After the Sooners spring game, Stoops was awarded a scholarship by head coach Lincoln Riley prior to the 2021 season. As a junior, he recorded 16 receptions for 191 yards and two touchdowns despite missing three games. Against Texas Tech, he had a career high-tying three receptions for 57 yards and a touchdown. After head coach Lincoln Riley departed for USC, Stoops' dad, former Oklahoma head coach Bob Stoops, was named interim head coach for the 2021 Alamo Bowl. In the Alamo Bowl, Stoops had one reception for a touchdown playing under his dad.

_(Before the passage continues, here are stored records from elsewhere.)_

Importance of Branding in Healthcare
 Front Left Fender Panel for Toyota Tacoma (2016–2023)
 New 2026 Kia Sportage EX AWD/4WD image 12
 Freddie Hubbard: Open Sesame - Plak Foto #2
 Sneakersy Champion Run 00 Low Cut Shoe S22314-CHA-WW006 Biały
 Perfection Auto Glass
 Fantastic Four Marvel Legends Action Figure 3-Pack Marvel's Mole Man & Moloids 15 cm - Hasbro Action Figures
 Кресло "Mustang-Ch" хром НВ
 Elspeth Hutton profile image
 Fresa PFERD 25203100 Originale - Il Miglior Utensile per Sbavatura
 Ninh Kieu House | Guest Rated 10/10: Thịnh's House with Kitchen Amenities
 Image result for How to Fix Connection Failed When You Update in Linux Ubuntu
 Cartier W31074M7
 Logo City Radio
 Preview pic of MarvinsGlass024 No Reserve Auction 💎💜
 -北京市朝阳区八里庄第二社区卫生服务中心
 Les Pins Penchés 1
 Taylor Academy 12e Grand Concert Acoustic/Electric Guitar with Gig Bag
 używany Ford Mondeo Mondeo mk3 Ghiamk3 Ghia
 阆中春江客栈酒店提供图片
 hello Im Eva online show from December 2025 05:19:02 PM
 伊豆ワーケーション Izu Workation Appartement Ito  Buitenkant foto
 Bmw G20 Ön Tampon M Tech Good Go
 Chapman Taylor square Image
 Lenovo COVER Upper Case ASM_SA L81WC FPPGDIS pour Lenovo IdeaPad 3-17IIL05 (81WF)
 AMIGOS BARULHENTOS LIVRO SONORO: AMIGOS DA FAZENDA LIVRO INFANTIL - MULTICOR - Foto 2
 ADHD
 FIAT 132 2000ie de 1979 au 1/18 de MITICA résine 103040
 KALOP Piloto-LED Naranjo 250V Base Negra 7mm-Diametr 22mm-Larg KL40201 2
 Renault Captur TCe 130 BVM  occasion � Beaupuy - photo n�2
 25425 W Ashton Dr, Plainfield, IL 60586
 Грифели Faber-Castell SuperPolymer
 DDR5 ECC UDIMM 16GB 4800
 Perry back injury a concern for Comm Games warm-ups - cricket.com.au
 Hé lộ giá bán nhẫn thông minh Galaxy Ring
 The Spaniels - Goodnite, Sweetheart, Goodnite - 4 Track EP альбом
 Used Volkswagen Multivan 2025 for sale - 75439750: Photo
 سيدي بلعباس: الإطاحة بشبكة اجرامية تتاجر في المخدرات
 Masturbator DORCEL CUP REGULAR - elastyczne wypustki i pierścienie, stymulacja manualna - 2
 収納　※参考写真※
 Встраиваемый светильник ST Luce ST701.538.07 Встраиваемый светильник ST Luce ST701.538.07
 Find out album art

Under new head coach Brent Venables, Stoops played in all 13 games and made ten starts in the 2022 season. As a senior, he tied for second on the team with 39 receptions and totaled 393 yards and three touchdowns. Against Oklahoma State, he set a career high with six receptions for 89 yards and a touchdown. A week later against Texas Tech again, he topped last year's performance by tying a career high six receptions for 55 yards. Stoops enjoyed his best year averaging 10.1 yards per catch with his receptions, receiving yards, and touchdowns all marking career highs.

===Statistics===

| Year | Team | Receiving |  |  |  |  | Rushing |  |  |  |  |
| Rec | Yds | Avg | Lng | TD | Att | Yds | Avg | Lng | TD |
| 2018 | Oklahoma | 2 | 16 | 8.0 | 8 | 0 | 0 | 0 | 0.0 | 0 | 0 |
| 2019 | Oklahoma | 8 | 95 | 11.9 | 19 | 0 | 0 | 0 | 0.0 | 0 | 0 |
| 2020 | Oklahoma | 15 | 219 | 14.6 | 51 | 2 | 0 | 0 | 0.0 | 0 | 0 |
| 2021 | Oklahoma | 16 | 191 | 11.9 | 31 | 2 | 0 | 0 | 0.0 | 0 | 0 |
| 2022 | Oklahoma | 39 | 393 | 10.1 | 33 | 3 | 8 | 48 | 6.0 | 14 | 0 |
| 2023 | Oklahoma | 84 | 962 | 11.5 | 60 | 10 | 4 | 8 | 2 | 13 | 0 |
| Career |  | 164 | 1876 | 11.4 | 51 | 17 | 12 | 56 | 6.0 | 27 | 0 |

==Professional career==

Pre-draft measurables
| Height | Weight | Arm length | Hand span | Wingspan | 40-yard dash | 10-yard split | 20-yard split | 20-yard shuttle | Three-cone drill | Vertical jump | Broad jump | Bench press |
| 5 ft 9+5⁄8 in (1.77 m) | 186 lb (84 kg) | 29 in (0.74 m) | 8+1⁄2 in (0.22 m) | 5 ft 9+1⁄2 in (1.77 m) | 4.67 s | 1.63 s | 2.65 s | 4.25 s | 7.01 s | 30.0 in (0.76 m) | 8 ft 11 in (2.72 m) | 8 reps |
All values from Pro Day

=== Los Angeles Rams ===
Stoops signed with the Los Angeles Rams as an undrafted free agent on May 2, 2024. He was also selected by the Arlington Renegades (the team coached by his father) in the 10th round of the 2024 UFL draft on July 17. He was waived on August 27, and re-signed to the practice squad. He signed a reserve/future contract on January 20, 2025.

On August 26, 2025, Stoops was waived by the Rams as part of final roster cuts.

=== Dallas Renegades ===
On January 20, 2026, Stoops signed with the Dallas Renegades of the United Football League (UFL).